Ouço ainda a sua voz na escuridão de algumas noites, bem como ainda me arrepia na lembrança de sua braveza, de quando mordia a língua e acatava seus impulsos e cobrava-me atitudes à vara de grinalda e ‘rabo de tatu’.
Homem de sangue quente e fé fervorosa, na sua própria crença e fiel a seus pensamentos. Só seus.
Hoje queria tê-lo ao lado. Riríamos muito de tudo o que juntos fizemos, desde correr atrás de mim para me dar uma sova como a me levar ao campo na folga para me ensinar a andar de bicicleta, desde me buscar no campinho a varada pela desobediência a me levar em vários curas para que melhorasse minha saúde.. Esse homem foi o ‘Seu Abilio’, nascido em oito de fevereiro de mil novecentos e dezoito e que encerrou sua caminhada nesta terra paranaense em seis de junho de mil novecentos e oitenta e três.
Talvez, nem sei, achem meu delírio mais que uma confissão, uma homenagem a esta pessoa que marcou minha vida e minha estrada nestes longos anos, mas fazendo isso, abrindo meu redato a olhos sedentos de leitura, busco influir no pensamento e quissá no comportamento de pais que também são filhos e de filhos que também são netos...

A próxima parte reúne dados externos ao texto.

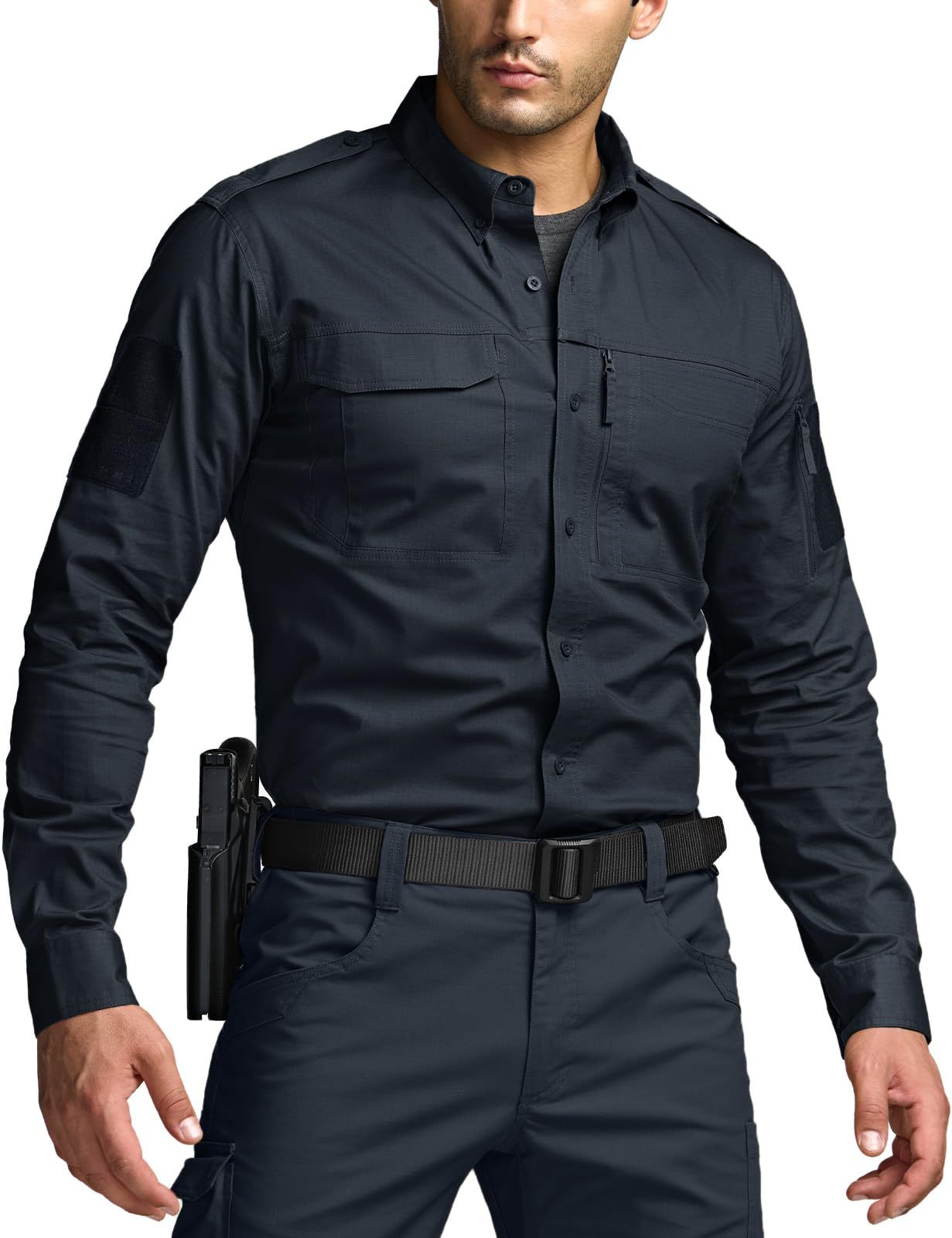 Opérateur Artisan Marine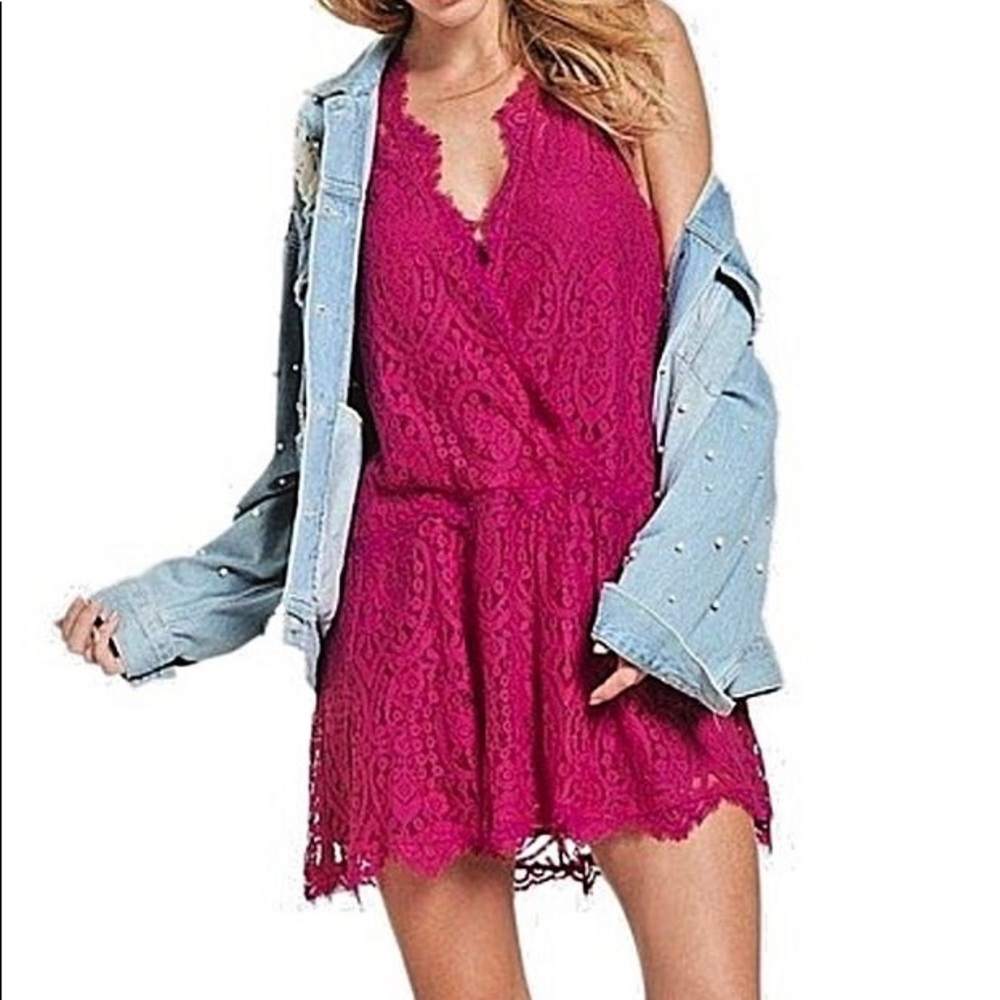 Free people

Se por algum motivo houve em você um distanciamento de seu principal genitor, seu mantenedor espiritual e carnal, ao qual a incumbência de ser responsável em te dirigir e encaminhar no teu período terreno, este que é homem e ser humano, que pode ser falho como tantos outros, vá ao seu encontro, abra o teu coração, desça deste pedestal de teimosia e deixe as lágrimas correrem, peça-lhe perdão ou ofereça o seu perdão. Esqueça o que afastou, abrace-o gostoso e marque este dia como um renascimento, pois como filho pródigo volta. Dê-lhe palavras de acalanto, principalmente se o tempo encarregou-se de deixá-lo fraco e com sulcos dos anos.
Não deixe para o mais tarde, não deixe para o agosto do dia dos pais. Para fazer-lhe uma visita rápida, entregar um par de meias de cóton e um cartão de um real comprado no sinal, de palavras queimadas na indústria que o usurpou por tantos anos. Ofereça isto sim, seu respeito doravante, palavras de conforto e sua amizade. Aproveite para ouvi-lo, para absorver um pouco de sua vida que acrescentará à sua, procure saber dele e sobre ele, basta lembrar do tempo que já ido nos cantos do passado a amizade e confiança era o laço que os atava, o sangue de família, a intimidade que possuíam e faça o resgate.
Deixe que teu coração de guie, que sejam felizes todos os dias a serem vividos.
Salve ao velho, o jovem e a criança!
Ao pai... Ao filho... Ao neto... Amém!